Dernière nouveauté anti-migratoire du gouvernement social-démocrate de la Première ministre Mette Frederiksen pour dissuader tout migrant de mettre les pieds dans ce pays nordique, le texte prévoit que le demandeur reste dans le pays tiers, même s’il obtient in fine le statut de réfugié. Fort du soutien de la droite et de l’extrême-droite et malgré l’opposition de certaines formations de gauche, il a été confortablement adopté jeudi matin, par 70 voix contre 24.

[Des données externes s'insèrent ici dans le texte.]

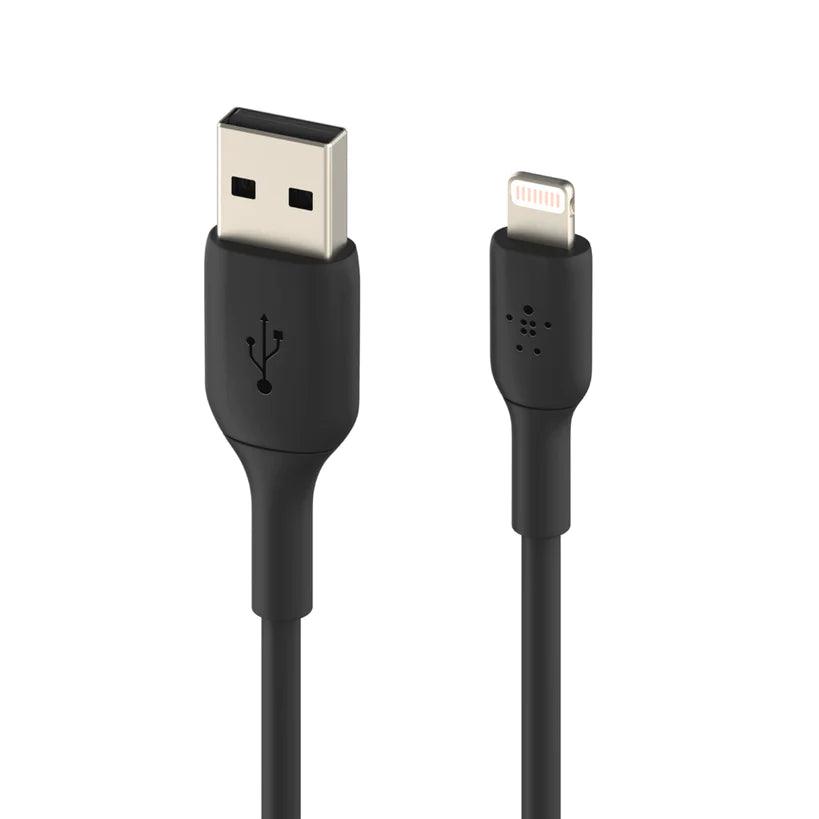 Belkin BOOST Lightning to USB A Cable Reliable Charge & Sync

Objectif officiel : zéro clandos !

Retrait du permis de séjour de Syriens parce que leurs régions d’origines sont sûres, durcissement d’une loi anti-ghettos visant à plafonner le nombre d’habitants non-occidentaux dans les quartiers, objectif officiel d’atteindre le « zéro réfugié » : l’exécutif de centre-gauche mène actuellement une des politiques migratoires les plus restrictives d’Europe.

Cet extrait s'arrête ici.